Leave out the pictures, and print exactly the lines from the one holding "When you’re at" through the last line of the material.

Exercise data:
────────────────────

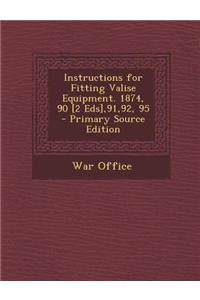 Instructions for Fitting Valise Equipment. 1874, 90 [2 Eds],91,92, 95 - Primary Source Edition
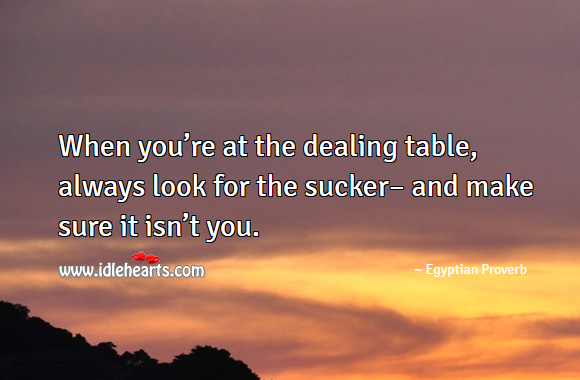 When you’re at the dealing table, always look for the sucker– and make sure it isn’t you. Egyptian Proverbs Image
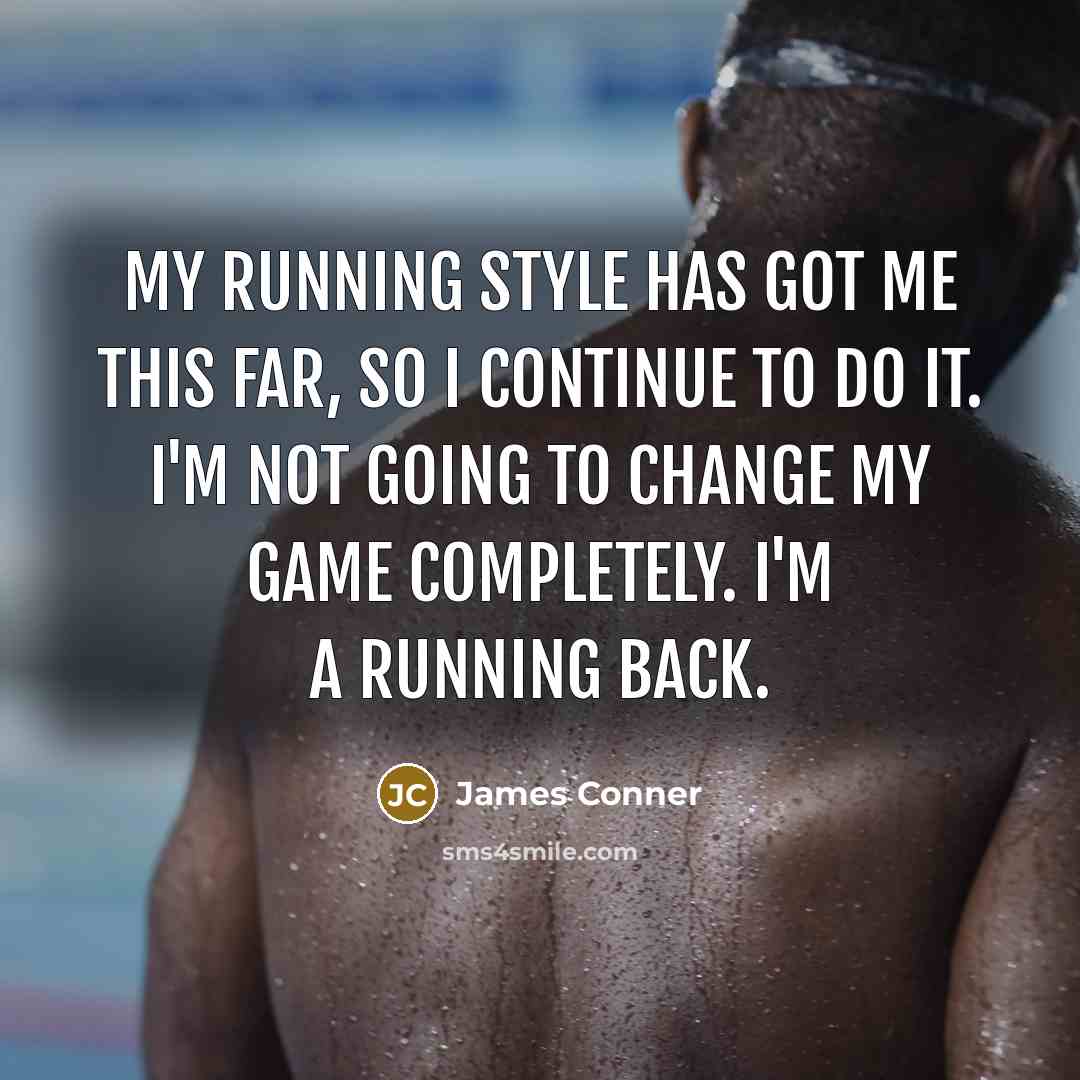 “My running style has got me this far, so I continue to do it. I'm not going to change my game completely. I'm a running back.” quote by James Conner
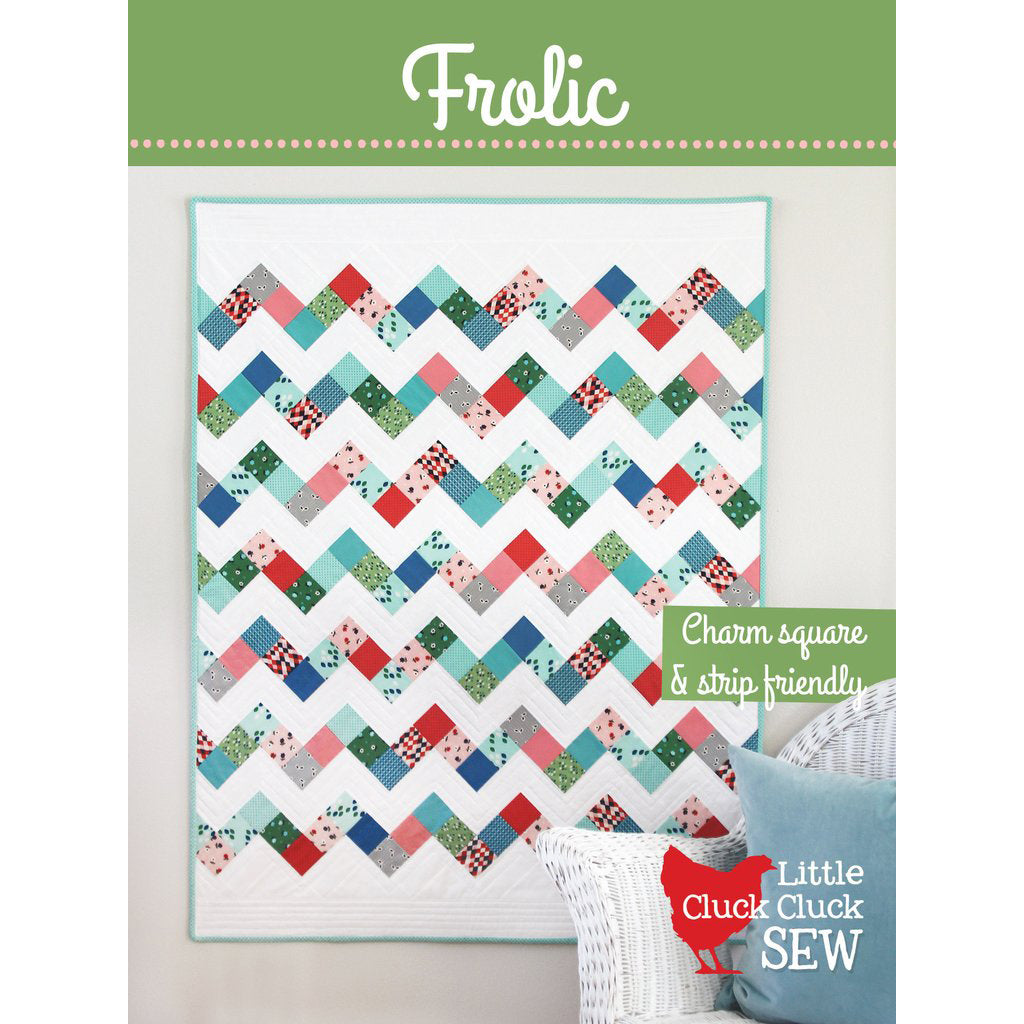 Cluck Cluck Sew Frolic Quilt Pattern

────────────────────

Exercise result:
 When you’re at the dealing table, always look for the sucker– and make sure it isn’t you. Egyptian Proverbs Image
 “My running style has got me this far, so I continue to do it. I'm not going to change my game completely. I'm a running back.” quote by James Conner
 Cluck Cluck Sew Frolic Quilt Pattern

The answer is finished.